I used the wiring configuration that grounds the effects input while bypassed. Strangely, it oscillates (albeit quietly) while bypassed. I also noted that it oscillates when my guitar volume is turned off, so i believe the problem is in a later section of the circuit, that the switch is doing its best.

While trimming, i could not get the voltage low enough on one trimmer (stayed about a volt too high). All trimmers worked fine except for the last one, which stayed high.

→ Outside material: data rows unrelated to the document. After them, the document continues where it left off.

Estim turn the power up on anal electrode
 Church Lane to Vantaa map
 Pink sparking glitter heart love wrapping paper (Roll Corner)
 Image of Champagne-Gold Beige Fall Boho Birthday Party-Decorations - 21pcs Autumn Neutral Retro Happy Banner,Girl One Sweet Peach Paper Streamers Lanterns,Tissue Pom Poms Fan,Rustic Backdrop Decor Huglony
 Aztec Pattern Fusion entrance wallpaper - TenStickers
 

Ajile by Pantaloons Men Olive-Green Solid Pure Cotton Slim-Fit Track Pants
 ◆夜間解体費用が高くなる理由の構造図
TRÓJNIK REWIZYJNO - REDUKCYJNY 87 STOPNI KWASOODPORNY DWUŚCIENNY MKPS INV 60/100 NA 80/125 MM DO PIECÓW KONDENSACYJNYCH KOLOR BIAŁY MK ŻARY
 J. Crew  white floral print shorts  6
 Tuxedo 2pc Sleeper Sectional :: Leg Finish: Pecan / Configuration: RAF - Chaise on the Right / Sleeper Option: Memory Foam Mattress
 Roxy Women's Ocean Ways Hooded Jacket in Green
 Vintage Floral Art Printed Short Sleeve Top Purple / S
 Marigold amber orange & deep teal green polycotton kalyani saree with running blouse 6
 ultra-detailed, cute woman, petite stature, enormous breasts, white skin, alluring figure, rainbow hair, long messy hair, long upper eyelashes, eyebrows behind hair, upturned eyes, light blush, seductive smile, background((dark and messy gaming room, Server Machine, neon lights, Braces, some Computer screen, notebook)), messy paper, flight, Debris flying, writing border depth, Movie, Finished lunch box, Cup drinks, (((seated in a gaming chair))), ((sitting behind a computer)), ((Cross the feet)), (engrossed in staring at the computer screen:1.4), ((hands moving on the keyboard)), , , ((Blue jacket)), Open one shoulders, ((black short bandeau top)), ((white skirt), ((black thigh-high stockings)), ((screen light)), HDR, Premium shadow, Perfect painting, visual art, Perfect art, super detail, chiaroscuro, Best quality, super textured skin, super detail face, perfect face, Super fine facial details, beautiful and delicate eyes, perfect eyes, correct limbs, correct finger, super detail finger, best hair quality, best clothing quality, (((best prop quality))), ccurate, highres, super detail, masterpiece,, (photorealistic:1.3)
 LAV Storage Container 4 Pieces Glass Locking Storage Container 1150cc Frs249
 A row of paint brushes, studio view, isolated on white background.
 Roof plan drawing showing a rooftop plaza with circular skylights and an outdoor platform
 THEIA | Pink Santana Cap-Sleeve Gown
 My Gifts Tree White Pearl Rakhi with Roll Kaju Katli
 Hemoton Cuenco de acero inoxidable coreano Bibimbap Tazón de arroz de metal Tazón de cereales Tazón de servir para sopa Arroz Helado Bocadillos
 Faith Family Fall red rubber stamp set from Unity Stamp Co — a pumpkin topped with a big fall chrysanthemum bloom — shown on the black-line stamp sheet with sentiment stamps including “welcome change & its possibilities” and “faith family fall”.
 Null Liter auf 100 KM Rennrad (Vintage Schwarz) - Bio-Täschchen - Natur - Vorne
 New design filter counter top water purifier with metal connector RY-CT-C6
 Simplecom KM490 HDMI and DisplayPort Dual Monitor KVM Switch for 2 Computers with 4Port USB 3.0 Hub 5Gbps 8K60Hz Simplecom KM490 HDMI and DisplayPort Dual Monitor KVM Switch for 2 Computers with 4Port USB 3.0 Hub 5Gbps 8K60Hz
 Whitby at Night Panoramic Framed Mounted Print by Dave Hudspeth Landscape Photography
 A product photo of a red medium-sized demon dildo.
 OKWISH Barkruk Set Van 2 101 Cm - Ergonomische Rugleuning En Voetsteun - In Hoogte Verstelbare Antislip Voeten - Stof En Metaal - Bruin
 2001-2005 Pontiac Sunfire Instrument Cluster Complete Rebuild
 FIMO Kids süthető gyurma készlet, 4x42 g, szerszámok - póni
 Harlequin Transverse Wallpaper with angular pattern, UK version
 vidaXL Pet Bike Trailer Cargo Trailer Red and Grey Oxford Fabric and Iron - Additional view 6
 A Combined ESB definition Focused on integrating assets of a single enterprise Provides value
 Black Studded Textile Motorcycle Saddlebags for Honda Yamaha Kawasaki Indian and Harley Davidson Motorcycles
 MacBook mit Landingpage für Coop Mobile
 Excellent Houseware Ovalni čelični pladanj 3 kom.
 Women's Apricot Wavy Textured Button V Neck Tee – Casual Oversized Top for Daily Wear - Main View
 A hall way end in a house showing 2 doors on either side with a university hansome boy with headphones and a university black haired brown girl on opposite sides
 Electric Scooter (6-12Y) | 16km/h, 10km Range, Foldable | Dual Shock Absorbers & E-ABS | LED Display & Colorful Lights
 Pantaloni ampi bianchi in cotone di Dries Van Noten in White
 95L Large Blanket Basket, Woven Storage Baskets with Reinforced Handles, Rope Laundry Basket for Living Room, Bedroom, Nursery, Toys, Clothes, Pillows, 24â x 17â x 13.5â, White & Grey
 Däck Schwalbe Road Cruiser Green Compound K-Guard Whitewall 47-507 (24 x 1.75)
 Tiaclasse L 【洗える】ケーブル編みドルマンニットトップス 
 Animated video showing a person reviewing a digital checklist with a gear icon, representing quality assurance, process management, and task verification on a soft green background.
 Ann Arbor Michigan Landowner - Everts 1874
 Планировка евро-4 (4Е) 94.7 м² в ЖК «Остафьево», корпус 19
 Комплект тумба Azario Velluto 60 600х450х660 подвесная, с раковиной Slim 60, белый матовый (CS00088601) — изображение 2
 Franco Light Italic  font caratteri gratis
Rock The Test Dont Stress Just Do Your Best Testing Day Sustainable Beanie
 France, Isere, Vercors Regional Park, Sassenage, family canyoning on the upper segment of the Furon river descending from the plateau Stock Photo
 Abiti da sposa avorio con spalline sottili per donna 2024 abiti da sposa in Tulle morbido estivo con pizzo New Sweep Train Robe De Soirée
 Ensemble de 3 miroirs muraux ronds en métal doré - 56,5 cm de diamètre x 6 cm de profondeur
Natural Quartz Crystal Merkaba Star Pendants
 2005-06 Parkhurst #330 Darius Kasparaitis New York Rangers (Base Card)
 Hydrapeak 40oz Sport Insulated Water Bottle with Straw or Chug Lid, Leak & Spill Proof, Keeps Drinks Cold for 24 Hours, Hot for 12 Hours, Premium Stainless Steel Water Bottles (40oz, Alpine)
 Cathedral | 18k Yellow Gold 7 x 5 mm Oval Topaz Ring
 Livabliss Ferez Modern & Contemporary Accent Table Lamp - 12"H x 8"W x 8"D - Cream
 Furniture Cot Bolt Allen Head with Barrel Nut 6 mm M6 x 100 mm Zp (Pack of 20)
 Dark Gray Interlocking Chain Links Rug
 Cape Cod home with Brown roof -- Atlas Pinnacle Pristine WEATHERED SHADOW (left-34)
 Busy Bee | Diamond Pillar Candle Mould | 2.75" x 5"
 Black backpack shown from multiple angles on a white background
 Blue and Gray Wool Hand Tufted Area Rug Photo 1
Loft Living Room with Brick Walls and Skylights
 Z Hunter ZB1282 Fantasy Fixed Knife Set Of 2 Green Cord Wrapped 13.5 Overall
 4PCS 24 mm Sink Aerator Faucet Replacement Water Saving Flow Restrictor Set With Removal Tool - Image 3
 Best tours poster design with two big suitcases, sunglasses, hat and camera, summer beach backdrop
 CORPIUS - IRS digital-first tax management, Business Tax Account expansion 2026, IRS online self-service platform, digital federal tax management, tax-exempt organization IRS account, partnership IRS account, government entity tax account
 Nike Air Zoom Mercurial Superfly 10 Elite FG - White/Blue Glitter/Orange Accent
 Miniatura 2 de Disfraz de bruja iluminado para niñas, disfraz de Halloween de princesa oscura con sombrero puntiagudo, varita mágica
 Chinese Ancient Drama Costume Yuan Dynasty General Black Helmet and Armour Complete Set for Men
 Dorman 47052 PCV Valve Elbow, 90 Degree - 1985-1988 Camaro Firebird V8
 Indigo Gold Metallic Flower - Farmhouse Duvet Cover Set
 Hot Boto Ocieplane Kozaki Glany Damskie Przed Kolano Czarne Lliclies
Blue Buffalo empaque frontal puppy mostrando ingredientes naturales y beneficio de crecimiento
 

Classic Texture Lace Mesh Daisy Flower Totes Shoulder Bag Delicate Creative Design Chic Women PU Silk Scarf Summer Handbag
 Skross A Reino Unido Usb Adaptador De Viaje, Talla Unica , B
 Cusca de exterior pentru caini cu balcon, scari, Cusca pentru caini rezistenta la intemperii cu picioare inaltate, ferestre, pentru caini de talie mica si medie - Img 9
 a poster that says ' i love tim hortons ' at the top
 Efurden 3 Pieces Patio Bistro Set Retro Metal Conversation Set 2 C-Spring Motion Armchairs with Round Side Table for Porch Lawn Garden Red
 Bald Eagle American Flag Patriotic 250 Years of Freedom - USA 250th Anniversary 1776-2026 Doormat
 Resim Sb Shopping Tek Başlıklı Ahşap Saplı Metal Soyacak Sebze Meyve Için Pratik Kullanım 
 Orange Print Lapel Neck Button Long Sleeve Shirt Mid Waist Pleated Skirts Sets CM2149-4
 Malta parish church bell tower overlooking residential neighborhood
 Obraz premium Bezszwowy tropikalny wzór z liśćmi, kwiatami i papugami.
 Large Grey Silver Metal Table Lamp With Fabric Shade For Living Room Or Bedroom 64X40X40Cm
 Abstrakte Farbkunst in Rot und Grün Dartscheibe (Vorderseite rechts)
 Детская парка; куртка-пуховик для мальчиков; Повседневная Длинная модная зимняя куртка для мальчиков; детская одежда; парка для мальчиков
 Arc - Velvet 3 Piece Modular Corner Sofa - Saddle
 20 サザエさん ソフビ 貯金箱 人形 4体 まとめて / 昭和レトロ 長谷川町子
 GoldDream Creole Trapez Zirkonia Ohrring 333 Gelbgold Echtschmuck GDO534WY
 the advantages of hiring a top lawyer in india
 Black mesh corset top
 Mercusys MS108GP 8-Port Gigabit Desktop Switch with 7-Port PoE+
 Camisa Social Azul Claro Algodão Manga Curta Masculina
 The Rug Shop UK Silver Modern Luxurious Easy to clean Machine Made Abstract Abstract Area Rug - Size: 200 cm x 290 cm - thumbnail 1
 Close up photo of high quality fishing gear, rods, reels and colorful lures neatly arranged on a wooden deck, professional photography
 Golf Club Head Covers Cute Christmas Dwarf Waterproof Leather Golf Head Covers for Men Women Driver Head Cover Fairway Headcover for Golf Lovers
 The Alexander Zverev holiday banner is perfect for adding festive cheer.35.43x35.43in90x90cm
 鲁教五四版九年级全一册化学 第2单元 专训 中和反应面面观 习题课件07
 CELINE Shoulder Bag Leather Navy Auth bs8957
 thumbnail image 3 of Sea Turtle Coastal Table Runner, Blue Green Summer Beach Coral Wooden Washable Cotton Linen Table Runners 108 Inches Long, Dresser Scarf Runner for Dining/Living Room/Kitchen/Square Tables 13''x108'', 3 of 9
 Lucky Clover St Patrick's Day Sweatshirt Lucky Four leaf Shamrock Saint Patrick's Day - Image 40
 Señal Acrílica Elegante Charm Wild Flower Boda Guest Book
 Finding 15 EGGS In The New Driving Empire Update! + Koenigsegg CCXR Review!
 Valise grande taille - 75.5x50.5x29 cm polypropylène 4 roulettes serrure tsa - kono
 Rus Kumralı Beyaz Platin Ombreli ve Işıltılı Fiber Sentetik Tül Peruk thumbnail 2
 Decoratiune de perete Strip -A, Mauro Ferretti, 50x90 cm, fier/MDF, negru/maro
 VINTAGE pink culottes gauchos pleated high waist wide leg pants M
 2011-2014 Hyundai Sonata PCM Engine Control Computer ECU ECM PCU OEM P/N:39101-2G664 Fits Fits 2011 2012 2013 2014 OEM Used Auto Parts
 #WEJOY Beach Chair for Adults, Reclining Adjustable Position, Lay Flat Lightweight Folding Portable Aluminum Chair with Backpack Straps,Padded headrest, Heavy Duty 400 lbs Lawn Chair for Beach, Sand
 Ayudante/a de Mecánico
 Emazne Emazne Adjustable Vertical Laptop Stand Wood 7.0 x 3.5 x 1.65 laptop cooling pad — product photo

If anyone has advice about the mystery noise, please post. I'll update this as i work through it.

MartyMart

Yup, "Jfet" trimming to 1/2 V ( or whatever ) can be a P.I.T.A  !!
Often best to try some more Jfet's in that "position" , than hammering on
one to try and bias it !
The most "miniscule" hair of copper/solder will screw you every time, make 100%
sure that the "Jfet socket/pads" are all perfect ....
Cheap "one turn" 100k trimmers can be sometimes difficult, like you get 3.2v then 1/2 mm
later ...... 8.3 v   !!

Marty.
"Success is the ability to go from one failure to another with no loss of enthusiasm"
My Website www.martinlister.com

petemoore

  Is there any difference in layout between DB#1 and DB#2?
 
Convention creates following, following creates convention.

Connoisseur of Distortion

thanks for the replies!

Marty-

I know what you mean. i'll try some more J201s, and maybe one will bias in like it should. does this seem like a plausible cause of the oscillation? And yeah, i'm using those wacky one turn trimpots that jump around insanely. they're so obnoxious, but once they're set i just don't care...

Pete-

Funny thing. I used the same layout, but my last Dr. Boogey was not sized properly. it was MASSIVE, the board almost touched across the 1590BB it was housed in. It had some problems as well, but the oscillation didn't tend to interrupt like it is doing now...


Like i said before, the circuit feedbacks even while facing a low input impedance (like my guitar turned off) so the problem is probably later in the circuit. Also, the gain pot cannot entirely stop the oscillation; turning it off only changes the tone of the noise.